Une femme trisomique a perdu jeudi une contestation judiciaire contre le gouvernement britannique au sujet d'une loi autorisant l'avortement jusqu'à la naissance d'un fœtus atteint de la maladie.

Heidi Crowter, 26 ans, et deux autres personnes ont poursuivi le ministère de la Santé et des Affaires sociales en justice, arguant qu'une partie de la loi sur l'avortement est discriminatoire et viole la Convention européenne des droits de l'homme.

Les avortements en Angleterre, au Pays de Galles et en Écosse sont autorisés jusqu'à 24 semaines de grossesse. Mais la loi stipule que les interruptions de grossesse peuvent être autorisées jusqu'à la naissance s'il existe « un risque important que si l'enfant naissait, il souffrirait d'anomalies physiques ou mentales telles qu'il serait gravement handicapé ».

Crowter, qui vit de manière indépendante et s'est récemment mariée, a déclaré qu'elle trouvait la législation "offensante" et irrespectueuse. Elle a dit qu'elle voulait changer la loi pour remettre en question la perception qu'ont les gens du syndrome de Down.

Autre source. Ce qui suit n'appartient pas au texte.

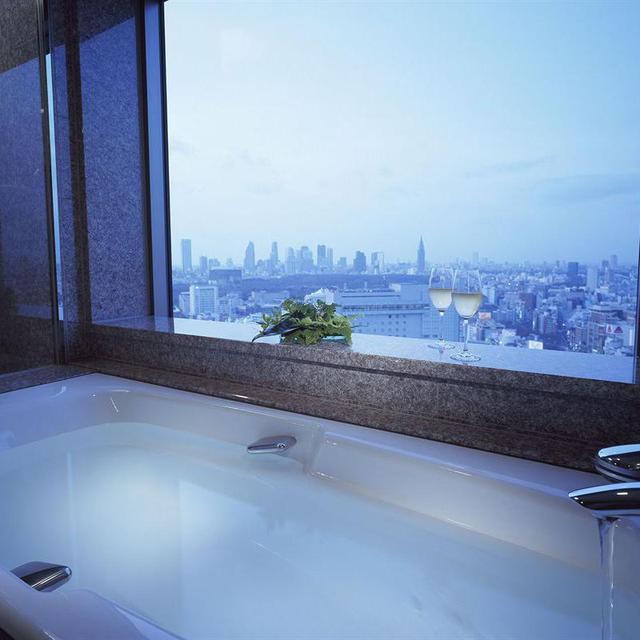 Upgrade to a HoneyMoon Suite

Deux juges seniors ont rejeté l'affaire jeudi après une audience de deux jours, concluant que la législation n'est pas illégale et qu'elle vise à établir un équilibre entre les droits de l'enfant à naître et ceux des femmes.

Les juges Rabinder Singh et Nathalie Lieven ont déclaré que l'affaire avait suscité de forts sentiments et des divergences sur les points de vue éthiques et religieux, mais le tribunal ne doit pas entrer dans de telles controverses et statuer uniquement conformément à la loi.

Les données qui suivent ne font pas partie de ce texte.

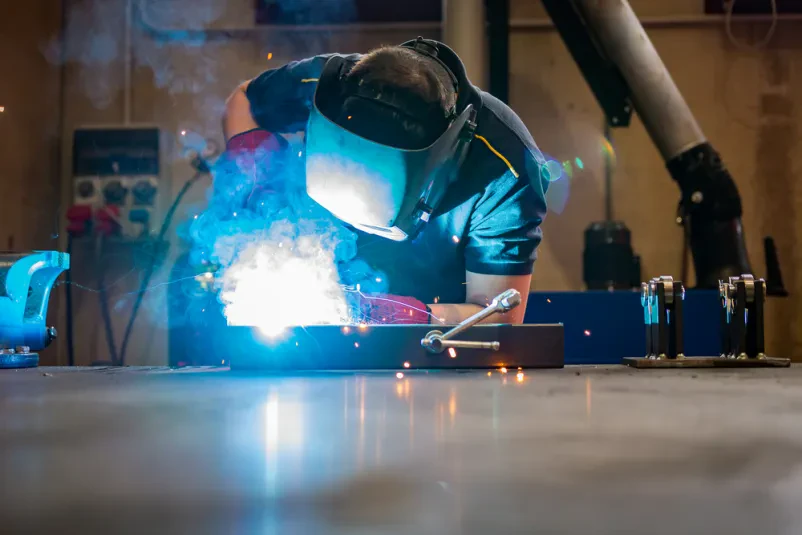 Metallschweißen Pomursko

« Les preuves devant le tribunal montrent avec force qu'il y aura des familles qui souhaiteront positivement avoir un enfant, même en sachant qu'il naîtra avec de graves handicaps », ont-ils déclaré. "Mais les preuves sont également claires que toutes les familles ne réagiront pas de cette manière", ont-ils déclaré, et de nombreuses familles peuvent ne pas être en mesure de fournir à un enfant handicapé un environnement favorable.

"Les preuves sont également claires que, bien que les développements scientifiques se soient améliorés et qu'une identification plus précoce puisse être possible, il existe encore des conditions qui ne seront identifiées qu'à la fin d'une grossesse, après 24 semaines", ont ajouté les juges.

Crowter a porté l'affaire avec Maire Lea-Wilson, 33 ans, qui a un fils trisomique et un enfant non identifié atteint de la maladie.

Elle a déclaré qu'elle prévoyait de faire appel de la décision.

"Le combat n'est pas terminé", a déclaré Crowter devant les Royal Courts of Justice du centre de Londres, entouré de supporters.

« Nous sommes confrontés à la discrimination chaque jour dans les écoles, sur le lieu de travail et dans la société. Grâce au verdict, les juges ont également confirmé la discrimination dans l'utérus », a-t-elle déclaré.

Paul Conrathe, un avocat du cabinet représentant les trois demandeurs, a qualifié le jugement de décevant et de "déphasé par rapport aux attitudes modernes vis-à-vis du handicap".

"En permettant aux bébés atteints du syndrome (de Down) d'être avortés jusqu'à la naissance, contrairement aux bébés neurotypiques, la loi envoie un message puissant selon lequel la vie des personnes atteintes du syndrome (de Down) est de moindre valeur", a-t-il déclaré.